Introduction:
Did you know that studying Electrical Field Lines could result in a variety of intriguing designs? Users certainly obviously didn’t learn it in maths class, hence why you must master the notion of Electric Field Lines to fully comprehend what that entails. Let us just look more closely at the idea.
Electric field lines:
Michael Faraday was the first to suggest the notion of an electric field in the nineteenth century. Electric field arcs, according to Faraday, can be utilised to define and understand the unseen electric field. Electric field arcs could be used to illustrate the electric field surrounding a network of particles in a simpler method than utilising a sophisticated vector diagram every time.
Electric field intensity is typically dependent on the length of the electric field lines. Furthermore, because the electrical current is inversely proportional to the square of the distance, as we travel away from the charge, the field of force intensity drops. The orientation of the field of force is depicted by the shafts of the applied field that originate from the positive charge and terminate on the negative charge.
Furthermore, the concentration of ions accurately describes the size of an electric field. A powerful electric field is represented by arcs nearer to the charges, whereas a feeble electric field is represented by lines further away from the charge. This is because as we move farther away from the charges, the magnitude of the field of force weakens.
Electric lines of force are a more productive method of spatially depicting the vector character of a field of force. Instead of numerous vector shafts adjoining a single charge, a sequence of a few lines extending across infinity and the original charge may be more helpful. These patterns of lines, also known as electric lines of force, move in the path that a positive test value deposited on the lines would advance.
These lines are associated with a stationary charge, whereas the magnetic lines of force are associated with moving charges.
Important points related to electric lines of force:
Below are some properties of electric field lines:
- They originate at the positive charge and terminate at the negative charge
- If only one charge is present, they do not have an ending point, meaning that they terminate at infinity
- The magnitude of the field of force is strong if the lines of force are near to each other
- Huge charges have more lines originating or terminating on them
- They do not intersect or form a closed network
- In an environment where there is no charge present, electric lines of force are consistent and uniform
- The intensity of a charge is dependent on the number of field lines starting or ending at that value.
Rules for drawing Electric field lines of force:
The rules for drawing electric field lines should be followed. Creating such designs of electric lines of force follows several norms and regulations, and properties of electric field lines should also be considered. The norms or rules for drawing electric field lines are essentially set in place to ensure that electric field line designs convey the most possible data about the composition of the electric field encircling a charged object.

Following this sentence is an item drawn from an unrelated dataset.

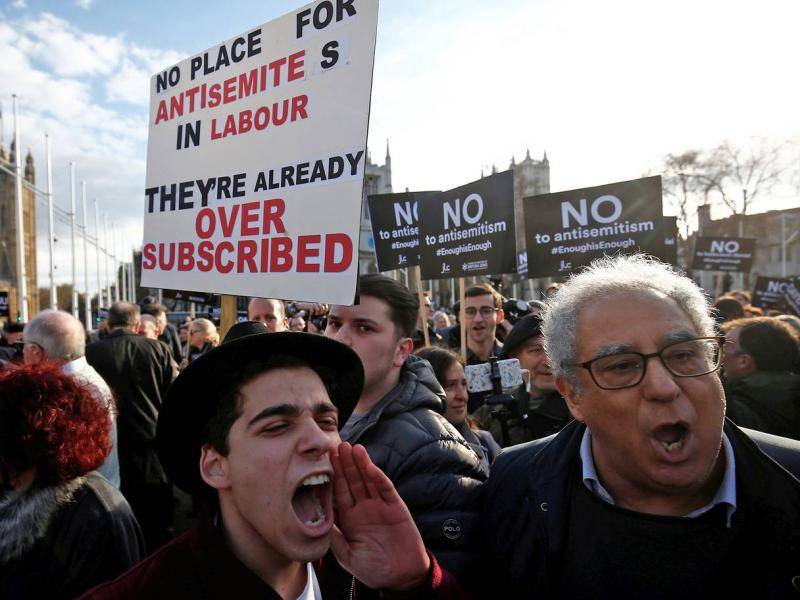صراع الشرق الأوسط يفاقم  جرائم معاداة السامية في لندن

Extra arcs are commonly used to encircle more electrified things. powerful electric fields are created by items with more charge. The thickness of these lines can be used to express the magnitude of a field of force in the space that surrounds a charged object, simply covering it with more arcs.
The concentration of lines encircling any particular object exposes data on the magnitude of the charge. It provides data about the intensity of the field of force at that spatial location.
Consider an example. At various distances from the main charge, two distinct spherical cross-sections are generated. The illustration depicts areas of space near and far from the originating charge. Throughout the areas of space nearest towards the charges, the electric lines are tighter collectively, while in the areas of space farthest from the charge, these are wider away.
The field of force should be highest at sites nearest to the charge’s interface and lowest at places farthest from the charge’s cover, according to the line intensity standard. The intensity or strength of a field of force is revealed by the line magnitude in an electric field line design.
At the points in which the arcs link to the edges of things, a second principle for creating electric lines of force is to create the lines of force at right angles to the interfaces of the items. There will never be an electrical force element-oriented parallel to the surface.
The field of force, and hence the electric force, has always been vertical to the surface of an object. Any surplus charge resting on the edge of an origin charge could commence advancing if there was ever an element of force parallel to the surface. It would cause an electric current to pass through the item, which is never seen with electrostatic discharge. When a line of force departs an item’s base, it frequently reverses course.
The junction of lines is a draft law for designing electric lines of force. Crossing electric field lines is not a good idea. When sketching electric lines of force for circumstances that involve an arrangement of ions, this is especially crucial (and easy to forget). You may probably imagine what would happen if electric lines of force were ever permitted to intersect at a specific point.
The orientation (and intensity) of an electric field inside an area of space is revealed by electric lines of force. If somehow the arcs intersect at a specified place, there have to be two separate quantities of the electric field at a certain point, within each unique way. This was never going to happen. Each point, in reality, does have its field of force that has its intensity and orientation.
Electric Field Lines Attraction and Repulsion:
We know that like charges repel and unlike charges attract, the lines of force between two like charges will be repulsive, and between unlike charges would be attractive.
Conclusion:
Here we have covered the basic concepts of the Electric field of force, properties of electric field lines and Rules for drawing electric field lines, Attraction and Repulsion.